AIM OF THE TASK:
Starting with the line that has "Gospel-Changes-Logo" and finishing with the line that has "Movel Sala para Tv", set down each line below exactly. Pictures are not copied.

SOURCE INFORMATION:
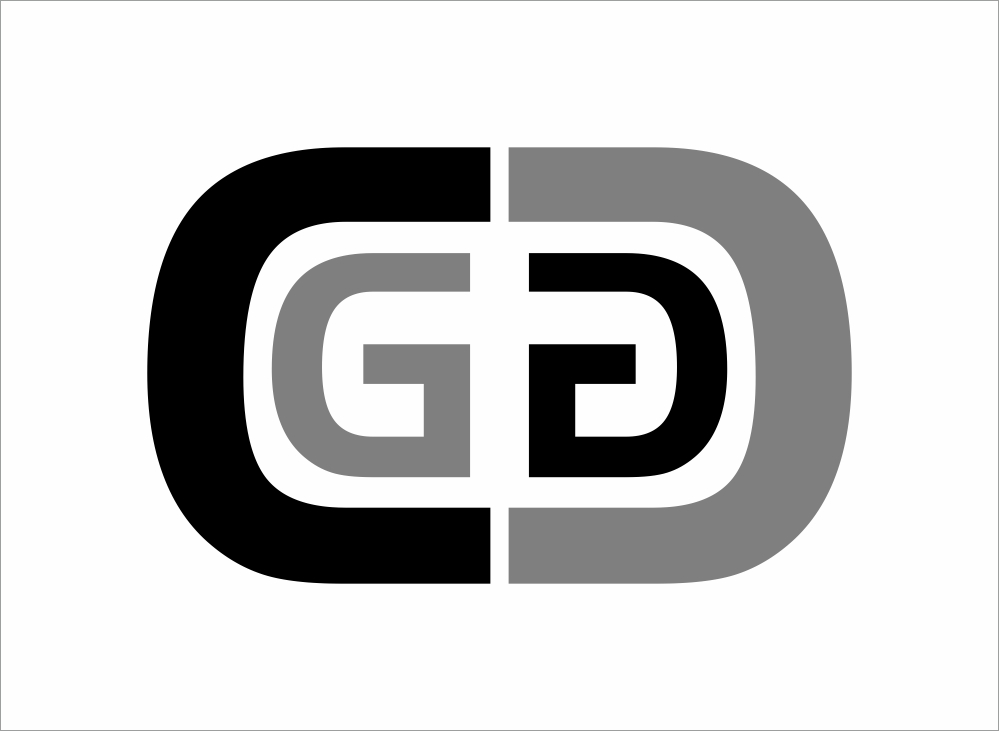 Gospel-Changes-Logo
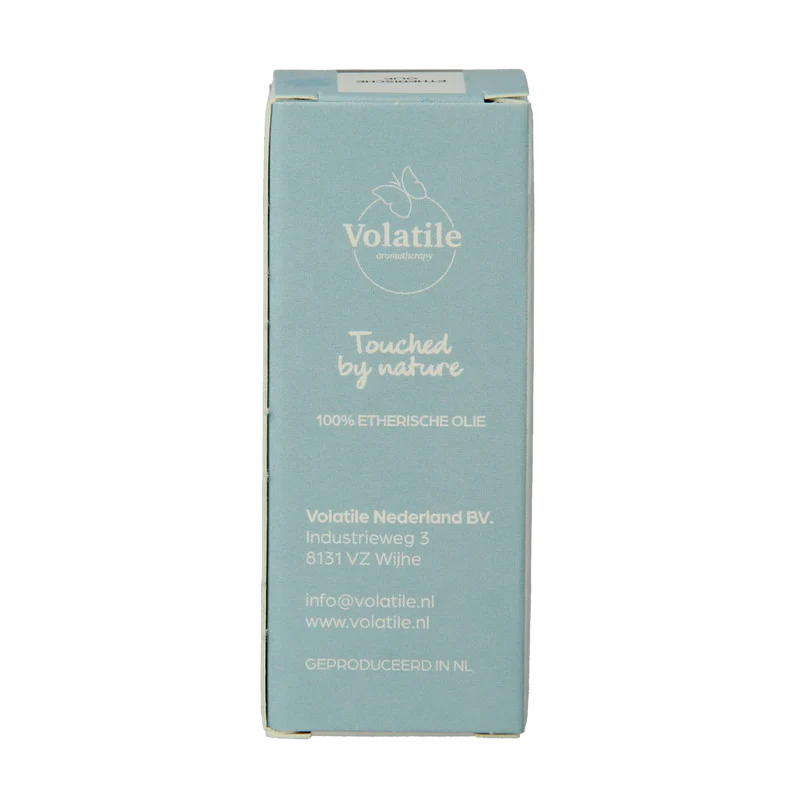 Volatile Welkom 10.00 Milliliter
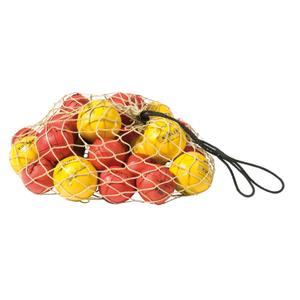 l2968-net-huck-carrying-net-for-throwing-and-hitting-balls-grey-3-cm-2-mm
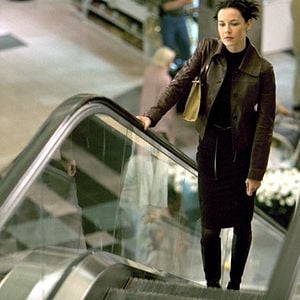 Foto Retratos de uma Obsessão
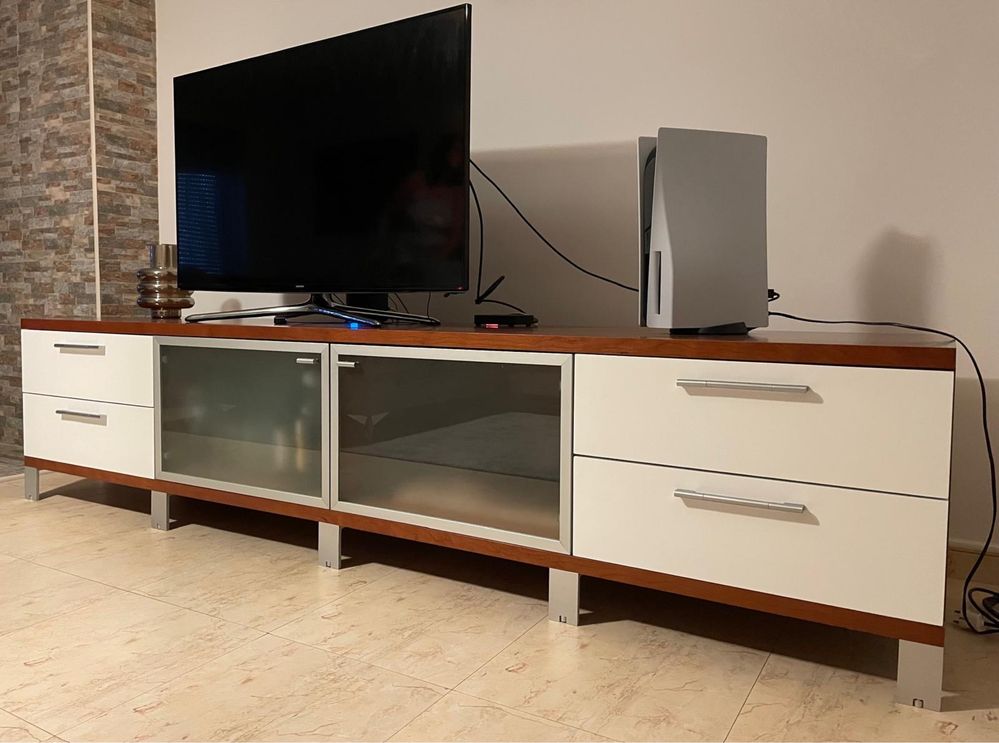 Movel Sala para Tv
--
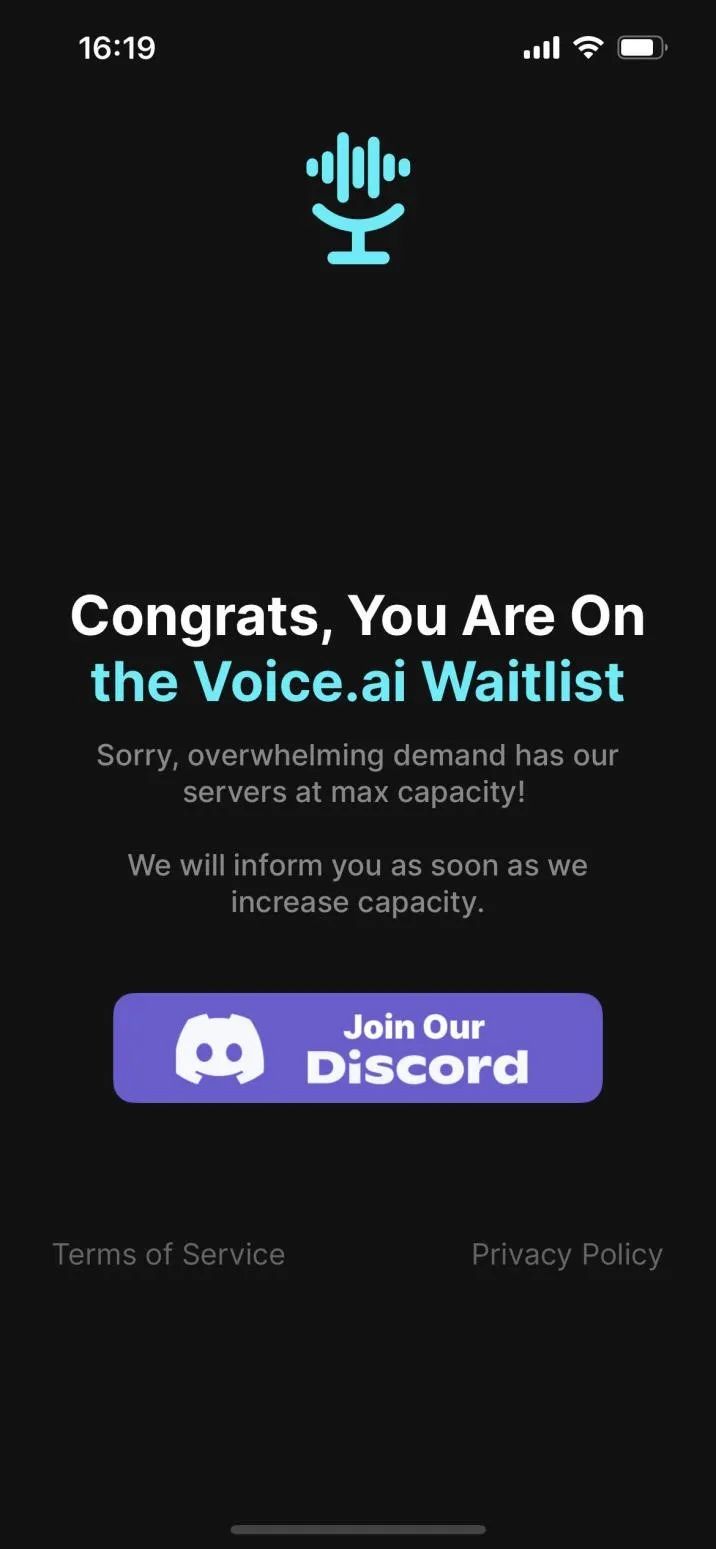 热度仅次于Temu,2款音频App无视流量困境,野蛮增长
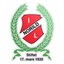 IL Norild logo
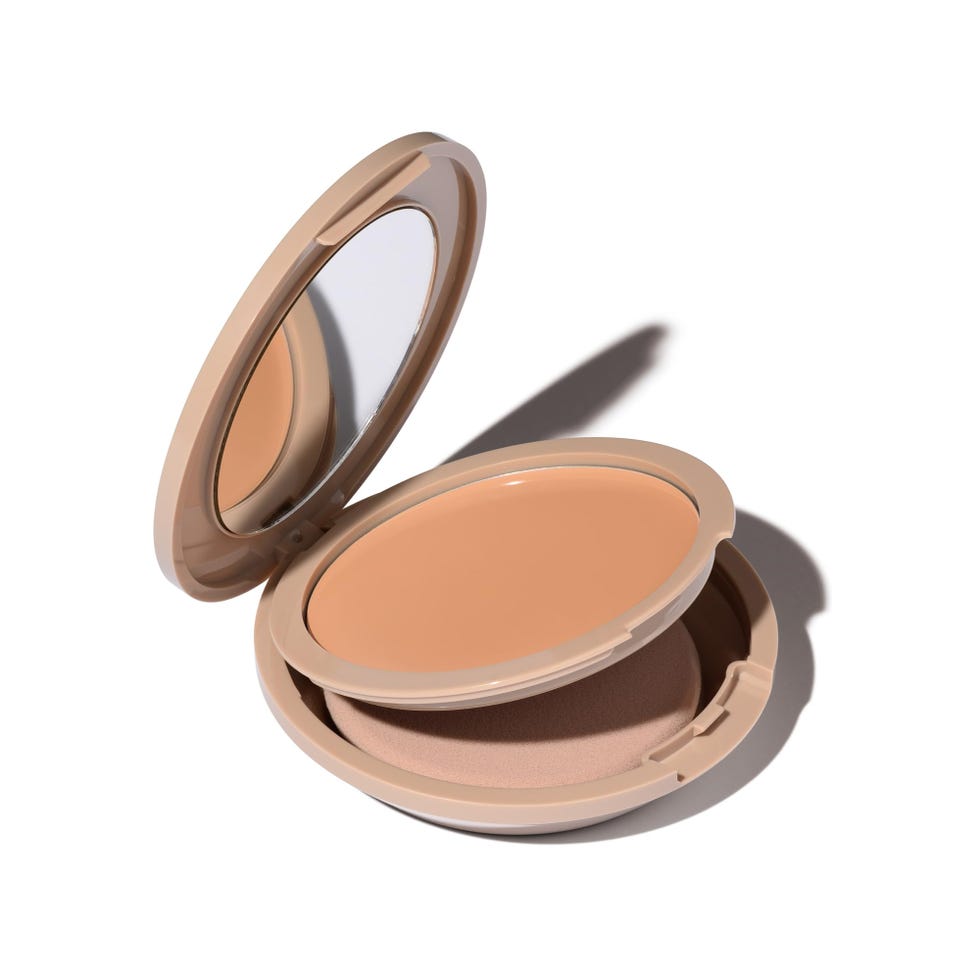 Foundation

RESPONSE FOR THIS EXERCISE:
 Gospel-Changes-Logo
 Volatile Welkom 10.00 Milliliter
 l2968-net-huck-carrying-net-for-throwing-and-hitting-balls-grey-3-cm-2-mm
 Foto Retratos de uma Obsessão
 Movel Sala para Tv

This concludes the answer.